Label | δC | δC calc | XHn | δH | M | C HMBC |
C 1 | 22.6 | 27.56 | CH | 1.91 | u | |
C 2 | 15.9 | 15.26 | CH2 | 0.71 | u | |
C 2 | 15.9 | 15.26 | CH2 | 0.82 | u | C 1, C 4, C 10 |
C 3 | 23.9 | 24.22 | CH | 2.02 | u | |
C 4 | 151 | 156.18 | C | |||
C 5 | 53 | 54.15 | CH | 3.35 | u | |
C 6 | 22.8 | 25.49 | CH2 | 2.35 | u | C 4, C 5, C 7, C 8, C 11 |
C 7 | 162 | 163.57 | C | |||
C 8 | 88.8 | 90.99 | C | s | ||
C 9 | 88.3 | 85.15 | CH | 4.49 | u | C 5, C 8, C 10 |
C 10 | 43.4 | 46.21 | C | |||
C 11 | 124.9 | 126.08 | C | |||
C 12 | 173 | 173.15 | C | |||
C 13 | 8.6 | 8.69 | CH3 | 1.76 | s | C 7, C 11, C 12 |
C 14 | 19.6 | 21.32 | CH3 | 0.53 | s | C 1, C 5, C 9, C 10 |
C 15 | 107.2 | 105.72 | CH2 | 4.76 | u | |
C 15 | 107.2 | 105.72 | CH2 | 5.07 | u | C 3, C 5 |
C 16 | 26.6 | 26.87 | CH3 | 2.2 | s | C 17, C 18, C 19 |
C 17 | 197.4 | 198.47 | C | |||
C 18 | 136 | 134.82 | CH | 6.04 | d | C 20 |
C 19 | 139.7 | 139.75 | CH | 6.35 | u | C 8, C 17 |
C 20 | 52.2 | 49.22 | CH | 2.87 | d | C 7, C 19, C 21 |
C 21 | 81.6 | 81.44 | C | |||
C 22 | 21.9 | 24.34 | CH3 | 1.29 | s | C 20, C 21 |
C 23 | 27.4 | 25.04 | CH3 | 1.42 | s | C 20, C 21 |
The data from Table 1 were input into ACD/Structure Elucidator Suite, and a Molecular Connectivity Diagram (MCD) was created by the program (see Figure 1).
Figure 1.
Molecular Connectivity Diagram (MCD) for Sarglaperoxide A.
MCD overview. Figure 1 shows that the hybridization state of four carbon atoms (C 81.60, C 88.30, 88.80 and C 124.90) marked by light blue color was set as sp3
or sp2 (not sp). Hybridizations of sp3 and sp2 types are designated in MCD by blue and violet colors respectively. The label fb (forbidden) means that a heteroatom can not be a neighbor of a given carbon, while the label ob (obligatory) denotes the requirement of a neighboring heteroatom. Information about 1H resonances multiplicities shown in Table 1 (column M) was added to the properties of corresponding atoms.
No user edits were made to the MCD. Checking the MCD for consistency showed that there were no contradictions in 2D NMR data, and consequently Strict Structure Generation was initiated. This process was accompanied with 13C chemical shift prediction, and those structures which were characterized by average deviation d>5 ppm were automatically rejected by the system. The following results were obtained: k = 54 → 7 → 7, tg = 0.5 s. Following the general methodology [2], after 13C chemical shift prediction by three methods (Incremental, Neural Networks, HOSE code-based) the output structural file was ranked in increasing order of the average deviation dA (13C chemical shifts were calculate by HOSE code based approach). The three top structures of the ranked file are presented in Figure 2.
Figure 2.
The three top structures of the ranked file for Sarglaperoxide A. The color attributes of the 13C chemical shift prediction accuracy are: ±3 ppm – green, between 3 and 15 ppm – yellow, greater than 15 ppm – red.
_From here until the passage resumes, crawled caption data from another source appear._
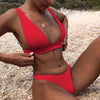 Women Charming Bikini Swimsuit Women Push Up Swimwear Two Piece Bikini Set Solid Color Bathing Suit Swim Suit Female Women Two Piece Bikini Swimsuit Halter Twist Front Bathing Suit Swimwear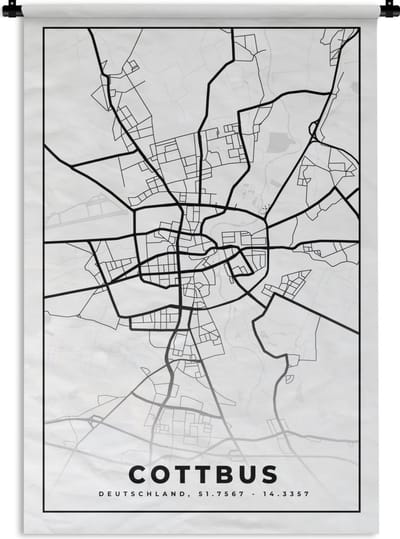 Wandkleed - Wanddoek - Cottbus - Kaart - Stadskaart - Plattegrond - 120x180 cm - Wandtapijt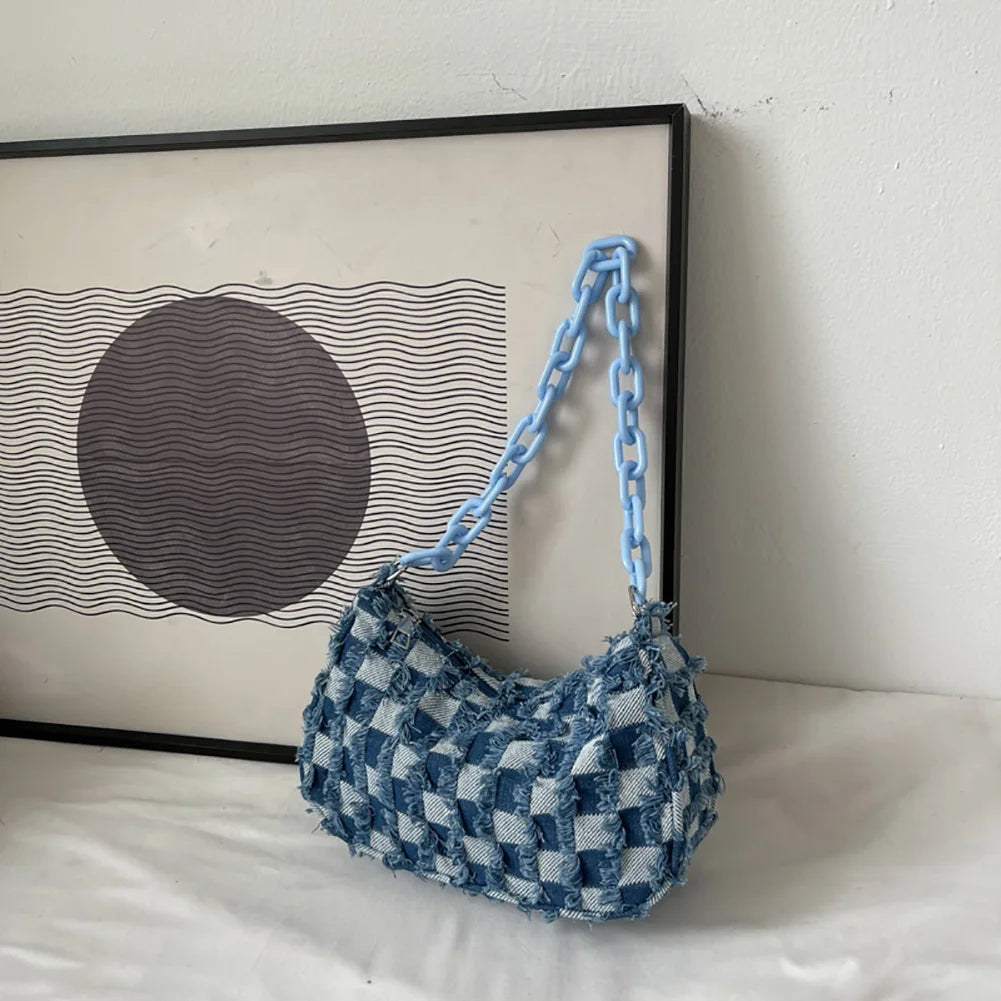 Vintage Women's Casual Shoulder & Underarm Bag | Plaid Pattern Denim Small Purse (Ladies Chain Leisure Handbag, Hobo Style) Luxegan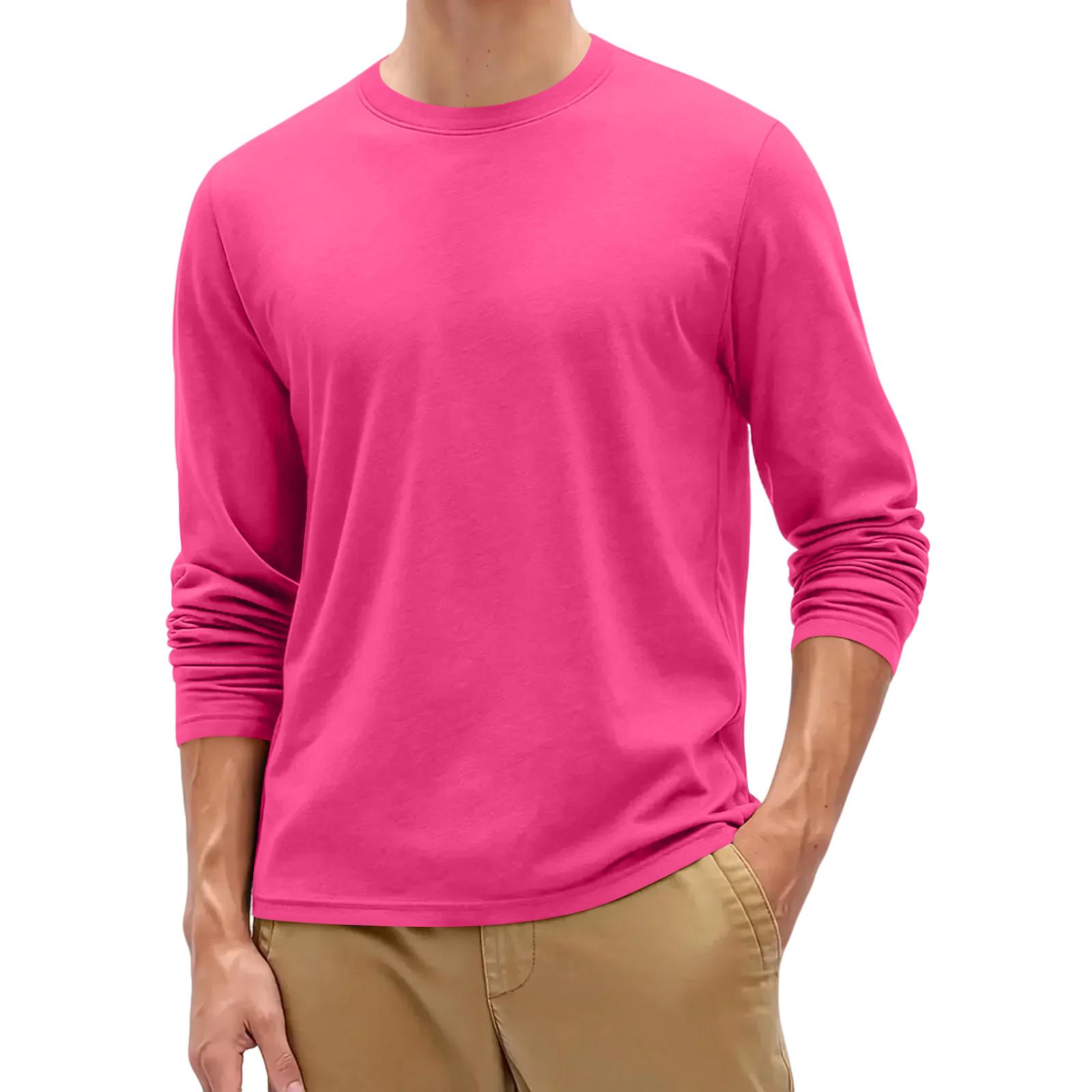 Superhero Heren Basic Ronde Hals Lange Mouw Onderhemd Top L warm roze kleur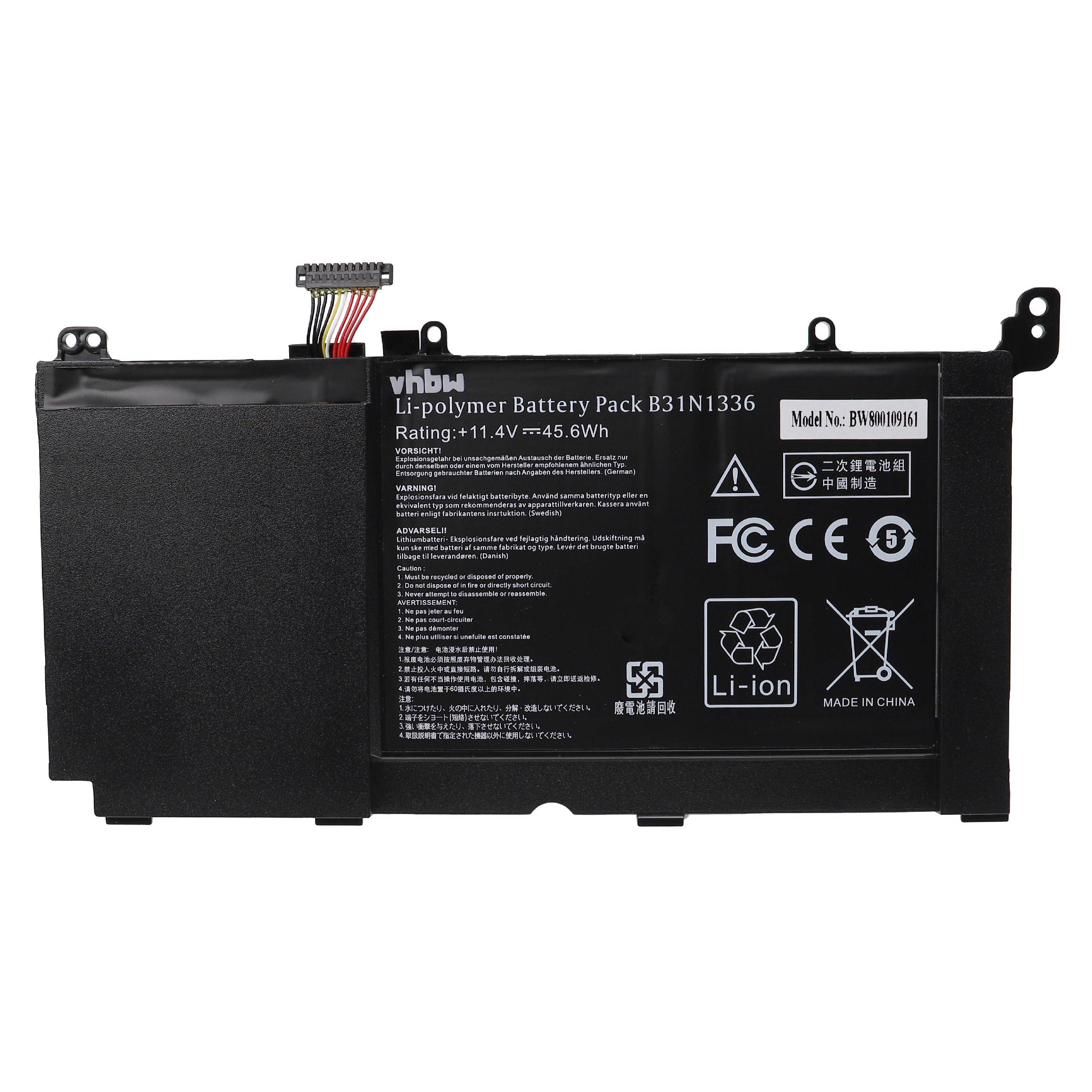 vhbw Akku kompatibel mit Asus V551LN-DN285H Notebook (4000 mAh, 11,4 V, Li-Polymer)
Figure 2 shows that the top-ranked structure #1 coincides with structure of Sarglaperoxide A determined in the original article [1] and confirmed by x-ray analysis. The deviations calculated as well as the accuracy of the carbon atom chemical shift prediction marked with color allowed us to confidently conclude that the solution obtained using ACD/Structure Elucidator Suite is correct.
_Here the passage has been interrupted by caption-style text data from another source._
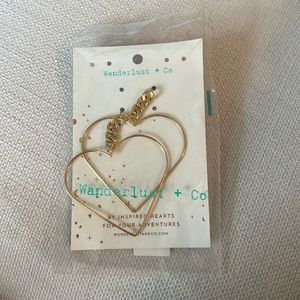 Large gold heart drop earrings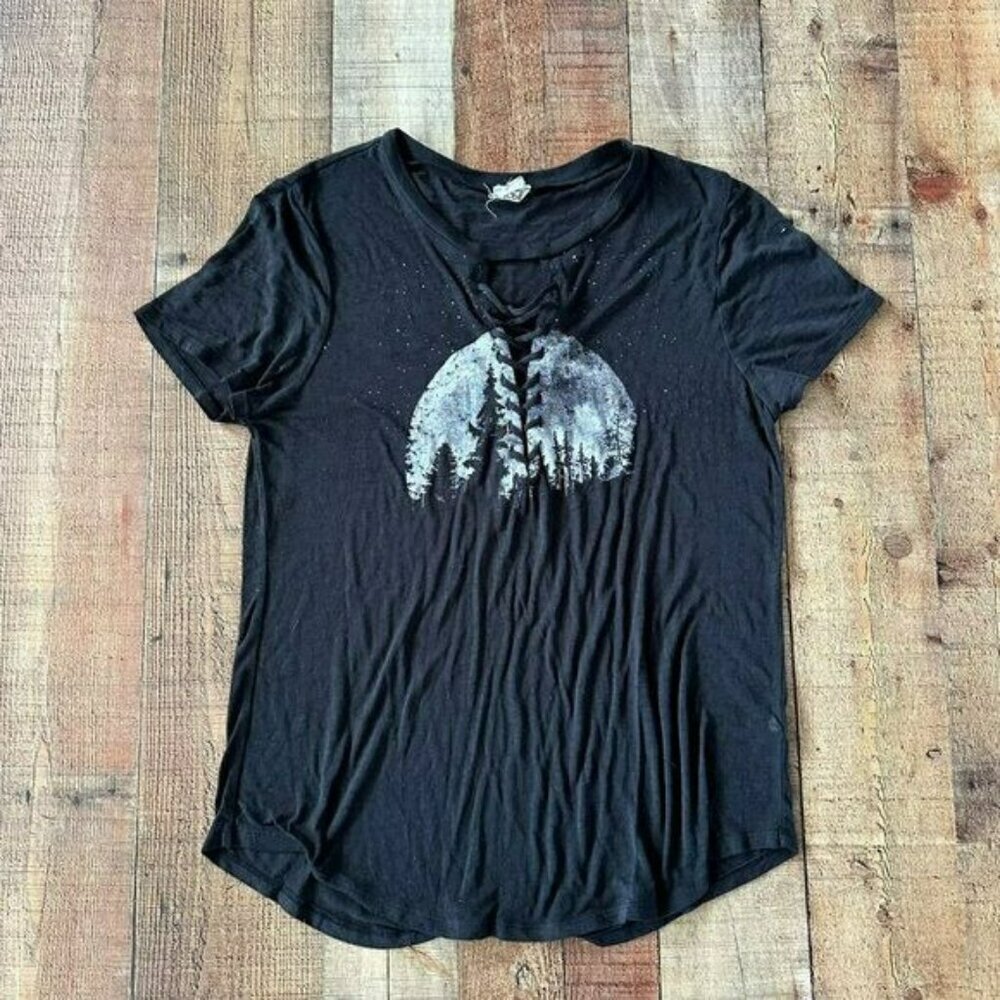 Modish Rebel women's lace up neckline short sleeve moon Graphic T-shirt black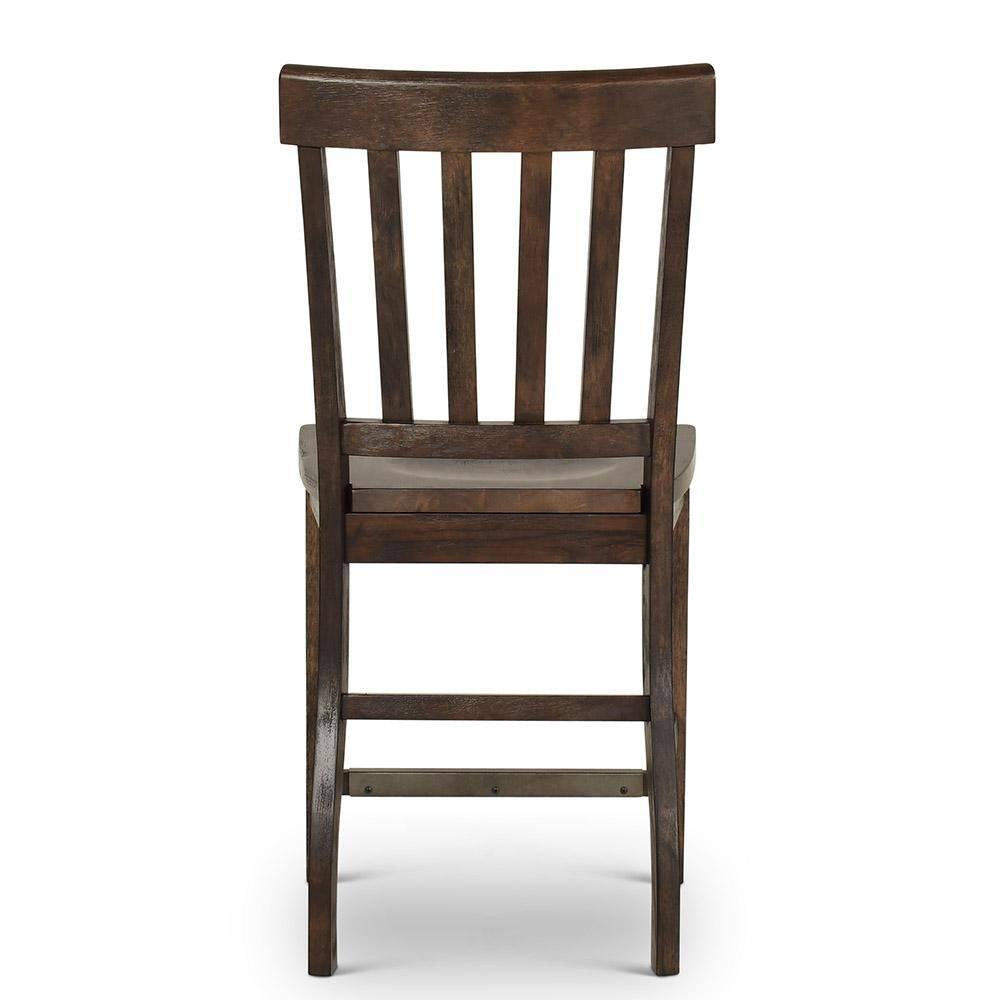 Steve Silver Set of 2 Cayla Counter Height Barstools Dark Oak: Wood Frame, Slat Back Design, CSA Certified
Finally, the elucidated structure with automatically assigned 13C chemical shifts is shown below.
It was interesting to investigate how employing 1H multiplicities can influence the time of structure generation. The multiplicities were cancelled in the MCD, and structure generation was repeated with the same options as before, which gave the following results: k = 107 → 7, tg = 2 m 20 s. Consequently we can conclude that the usage of 1H multiplicities accelerated the structure generation process by factor of almost 300 (!) in the given example.
Thus the structure of a new natural product containing an unprecedented skeleton was robustly and instantly elucidated by the program in fully automatic mode.
References
- P. Wang, R.-J. Li, R.-H. Liu, K.-L. Jian, M.-H. Yang, L. Yang, L.-Y. Kong, J. Luo. (2016). Sarglaperoxides A and B, Sesquiterpene-Normonoterpene Conjugates with a Peroxide Bridge from the Seeds of Sarcandra glabra. Org. Lett., 18: 832–835.